There is was again. The tiny, squirting sound of newborn poop. The third time in five minutes. I kid you not.
Another diaper filled with yellow, liquid breastmilk poop. I wanted to laugh and cry at the same time.
(I realize this is the grossest introduction to a blog post ever. I’m sure in a year I’ll look back and be completed revolted, but when you are in the thick of it with newborn fluids and sounds, you lose a bit of your decency for a few months.)
This little girl poops with the best of them, but three times in five minutes was a new record.
It was almost as if I had wished it upon myself.
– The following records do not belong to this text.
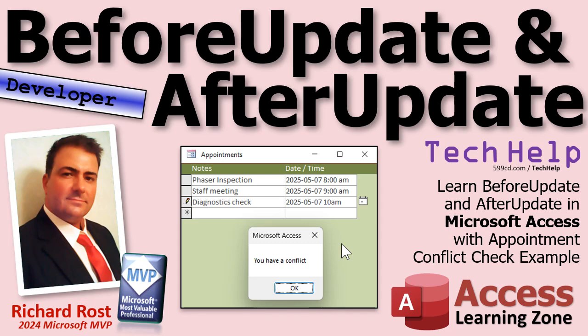Welcome to another tech help video brought to you by AccessLearningZone.com. I'm your instructor Richard Rost. Today we're going to learn about using before update and after update together.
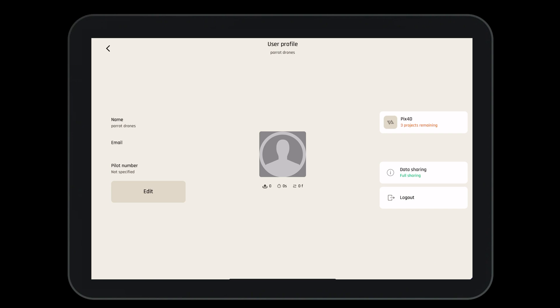From our user profile, we can set our name, email, and even put in our pilot number if we so desire.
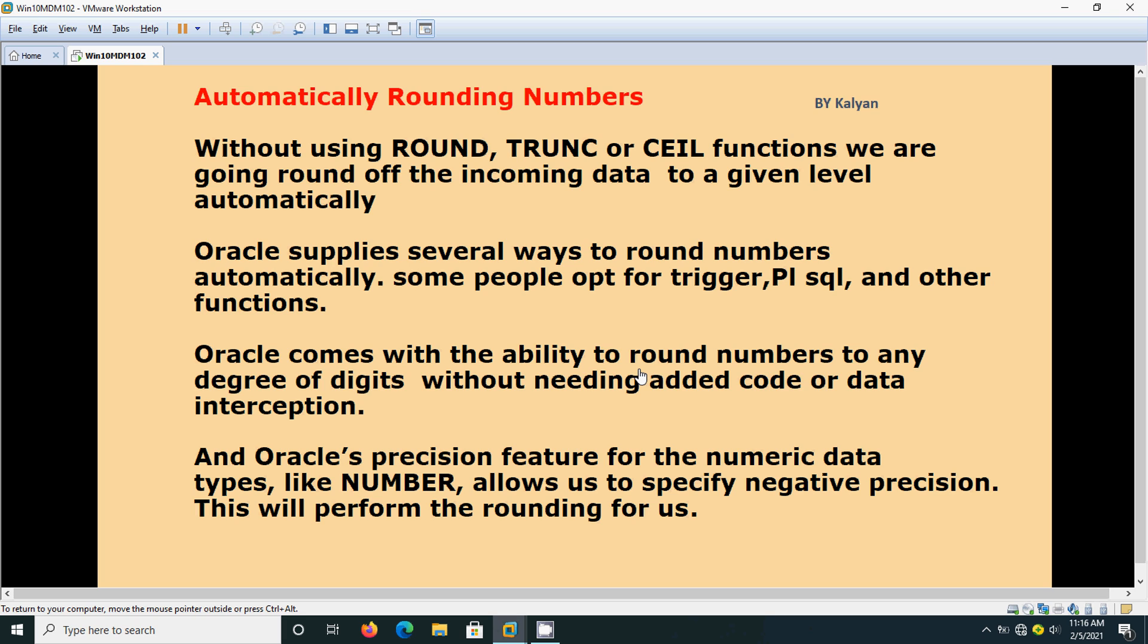Whenever we use the data type NUMBER, we should specify the precision. For example, if you are using decimal numbers like 25.20, after the decimal point that is called precision. We should specify like 6,2 if using the NUMBER data type. This precision can be given in negative also. If we specify negative precision, this will help us in rounding off the number.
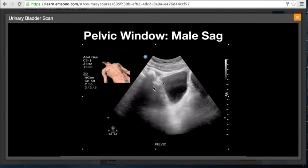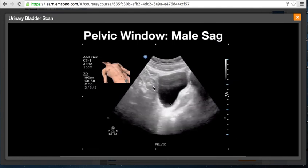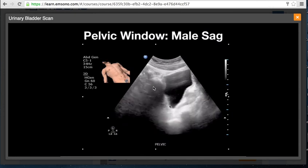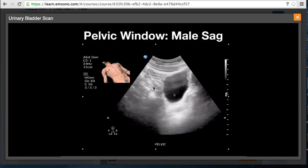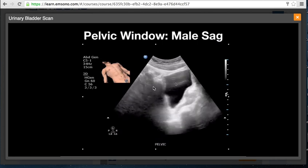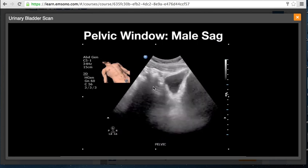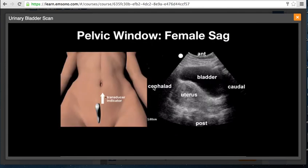Here is a sagittal sweep through the bladder going from side to side. There is an excess of gain in the far field due to posterior enhancement, so you would want to turn the gain down in the far field. Reverberation artifacts are noted in the near field. For a female patient, place the transducer low just cephalad to the pubic symphysis with the indicator toward the patient's head. This provides a view of the urinary bladder anteriorly, reverberation artifacts in the near field, the uterus posteriorly, and the cul-de-sac posterior to the uterus.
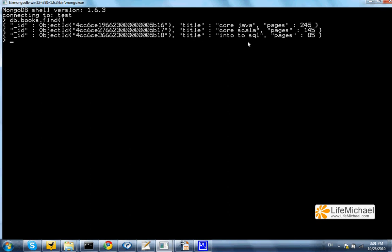the first describes the book Core Java. Let's say that I want to remove Pages and 245, the specific key value pair from the document that describes Core Java.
Micah had taken the girls on a bike ride to give me some “alone time” on a Sunday afternoon, but instead of being grateful, I was a postpartum, bitter mess. He said he would take them much earlier in the morning, but he got distracted by an NBA playoff game. The girls were destroying the house. I had served breakfast, cleaned breakfast, and got the girls dressed, huffing and puffing my way through Eisley’s solid morning nap instead of doing anything remotely restful. By the time they left, I was irate. “Now the baby is going to wake up and I’m going to spend my ALONE hour nursing,” I hissed at Micah as he walked out the door.
And it was true. I nursed the whole hour, I dealt with a record-setting number of poopy diapers, and I was just patting Eisley back to sleep when the older girls walked into the house after their hour-long bike ride.
But somewhere beneath the exhaustion, the resentment, and the tornado of postpartum hormones, I mustered a half-smile. I signed up for this. When I became a mother, I entered into a covenant with my children. I promised them, “I will lay down my life for you like Jesus laid down his life for me.” Maybe I never said those words out loud, but I agreed to them in my heart.
So even when my husband gets distracted by the NBA playoffs. Even when my preschooler uses a sassy tone for the tenth time that day. Even when my toddler is throwing a tantrum. Even when I’m hungry and tired and just want ten minutes alone…
None of it really matters. Sure, it would be nice if my older children didn’t fight over who gets the pink water bottle and if my husband were a little more sensitive to my fragile, postpartum state, but it doesn’t change my role. It doesn’t change the truth that I must live out the Gospel every day for my children.
Three poops or ten poops… I will change your diaper.
Second tantrum or fifth… I will discipline you with all the wisdom and grace and patience I can muster.
Bumped head or skinned knee caused by slightly erratic behavior as you learn to adjust to a new sibling… I will give you a hug and a band-aid too.
Just like my Savior, I lay my life down. I may give up my alone time with tears. I  may struggle against my flesh as I seek to serve my children with a smile and a gentle tone. I will surrender my body to breastfeeding a baby while a toddler climbs on my back, even when I long for no one to touch me.
Jesus surrendered his body on a cross for me. That truth will get me through the next tantrum, the next nursing session, the next poopy diaper. I count it all joy to die to myself as I worship the One who died for me.
“This is my commandment, that you love one another as I have loved you.
Greater love has no one than this, that someone lay down his life for his friends.”